I'll always be learning new things and having new experiences, but here's what I have so far, after the first week:
- You are not supposed to know everything right off the bat, and no one expects you to. You get hired because of your experience, but also because of your potential. When you start a new job, no one expects you to know every single thing and it's totally okay not to. I'm not saying that it's okay to know nothing (because it's not… especially if this job requires experience), but you're definitely not going to be the master at your job right when you start. You have to learn things.
- It's perfectly okay to ask questions. I ask a lot of questions because I want the expectations to be perfectly clear. Don't just assume things if you're unsure, always ask questions and make sure you're on the same page. Pretty much every boss would rather have their employees ask questions and check, rather than make terrible mistakes. And like I said before… you're not supposed to know everything right off the bat.
- Know that you earned and deserved this. You interviewed for this job and they chose YOU out of all other applications. You worked hard for this job and earned it… don't forget that.
- Always make good first impressions. You don't want to be perceived as that weird person that somehow got hired. Be kind, be grateful, and remember that you learn something from everyone you meet. Especially in the workplace!

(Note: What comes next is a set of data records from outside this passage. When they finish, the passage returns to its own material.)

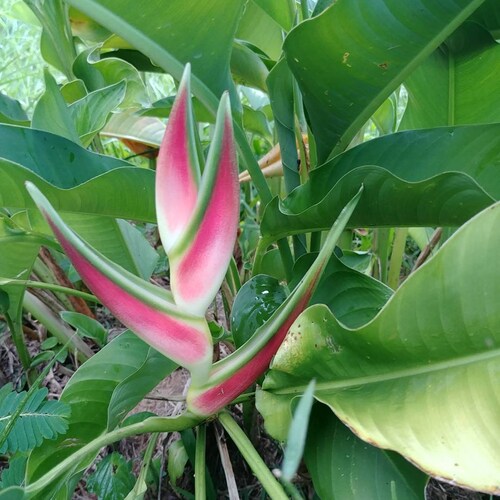 Live HELICONIA TEMPTRESS Rhizome – Exotic Tropical Plant For Your Garden - View #2
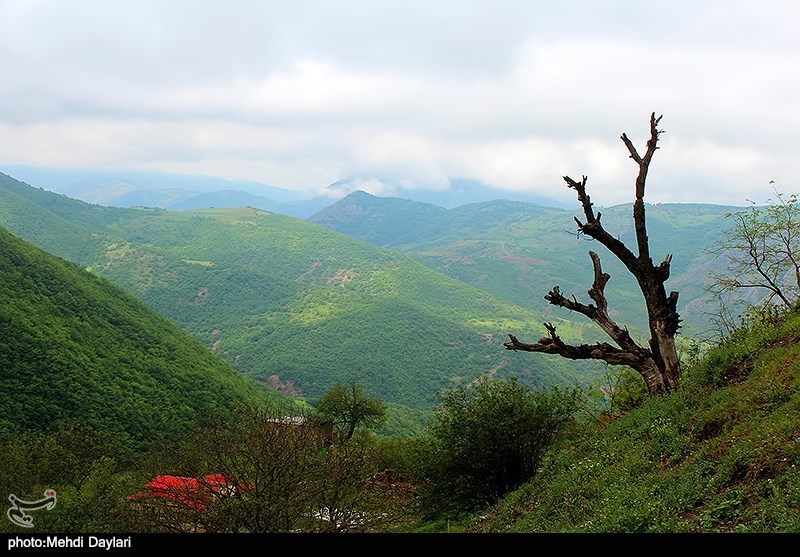 فشار برخی نمایندگان و دستگاه‌ها برای ایجاد معادن در جنگل ارسباران/ انسان عامل خشکی دریاچه ارومیه است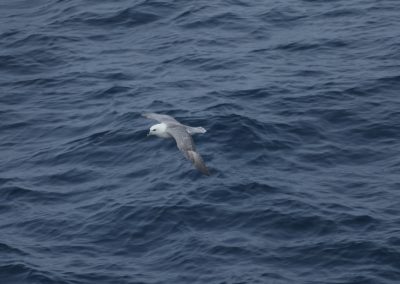 sea bird over arctic ocean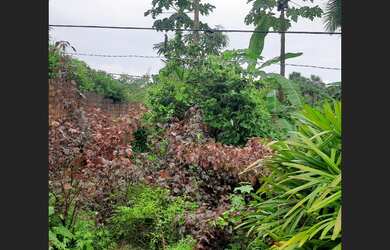 Imagem 5: Vende se uma belicima casa no centro de morros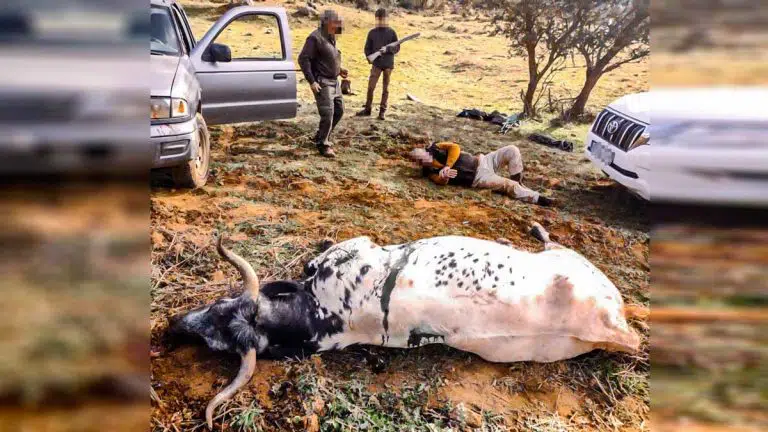 AlbertoRSaeta's tweet photo. A la izquierda la foto original del incidente en una montería de Sevilla en la que un cazador mató una vaca porque atacaba a otro cazador. A la derecha la foto "tratada" que publica Jara y Sedal para que no veas la sangre y los desgarros de la vaca. #NoALaCaza #LaVerdadDeLaCaza https://t.co/gXfMBaYdcO
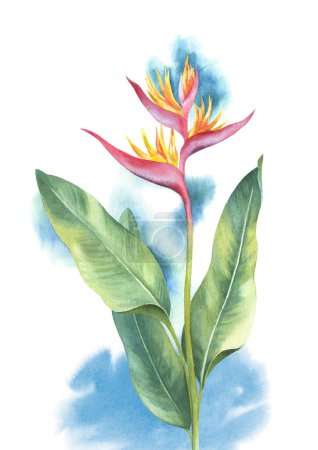 Photo for Watercolor heliconia flower. Hand painted illustration - Royalty Free Image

- Your age is not a disadvantage. I was so nervous about being the youngest person, not only on senior/executive staff, but in the whole organization. Yup, I'm even younger than the support staff and interns. I've had positions before that have treated my age as a disadvantage or a gauge of my value. I quickly learned at my new job that my age is admittedly a part of me, but in a positive way. I've had coworkers tell me that I'm innovative, creative and fresh. And that I have a lot of experience for my age.

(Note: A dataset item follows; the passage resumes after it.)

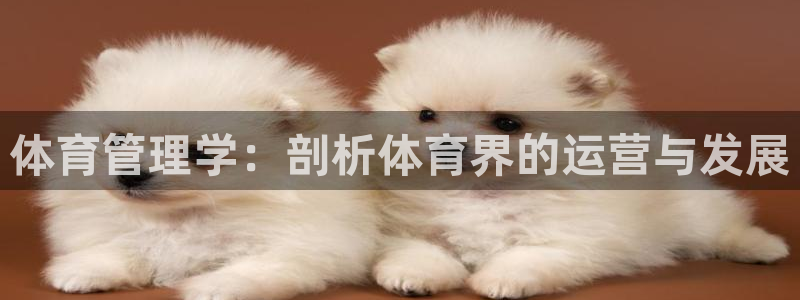 必一体育官方入口：体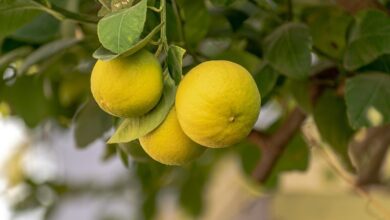 Limão: uma fruta suculenta e rica em vitamina C para uma vida saudável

- You have to really love your career. This was a given before, but I really love my job and what I do. Now that it's my full-time job to work in development and marketing for this great nonprofit, there isn't a day that I'm not grateful to be in this position.
- Not everyone is going to know what your role is in the organization. There are so many individuals and departments where I work, that a lot of people don't fully understand that our development and marketing department is critical. And some people don't know what exactly my role does. This isn't something that happens instantaneously, but something that people learn over time. As long as they know you're a team player, it's fine.

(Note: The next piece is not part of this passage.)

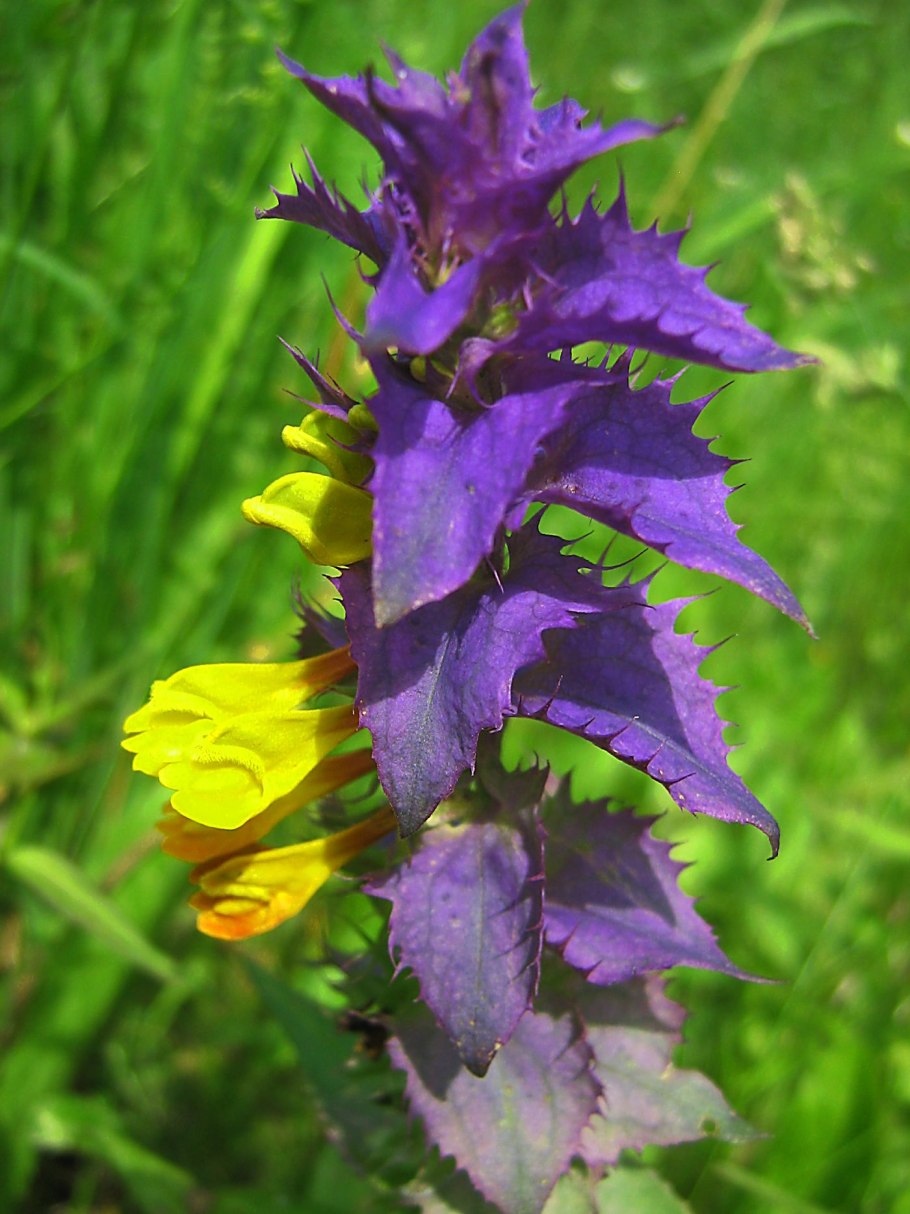 Марьянник Дубравный плод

- Even after you graduate college people will still try to compare you with others. Did I need to know that guy I took Biology with is an engineer? Good for him, but not really. This career is yours, and the success is yours. There is no one you should be comparing yourself to besides your past self. And I am incredibly amazed by the growth and progress that I've made.
- People will always ask you about salary. I think it's super awkward and something that's rude to ask others, but not many people share my sentiment.
- Professional work clothes don't have pockets. You guys laugh, but I'm so serious about this one. I was SHOOK when I realized that my pants had no pockets, and neither did my blazers.
This is admittedly going to be a crazy few weeks to transition into my new job but I honestly can't wait. It's an exciting adventure and I honestly can't wait to learn more. It's just the beginning… and I promise I'll update you all as things continue to unfold.
“You can have unbelievable intelligence, you can have connections, you can have opportunities fall out of the sky. But in the end, hard work is the true, enduring characteristic of successful people.”
What's something you've learned recently?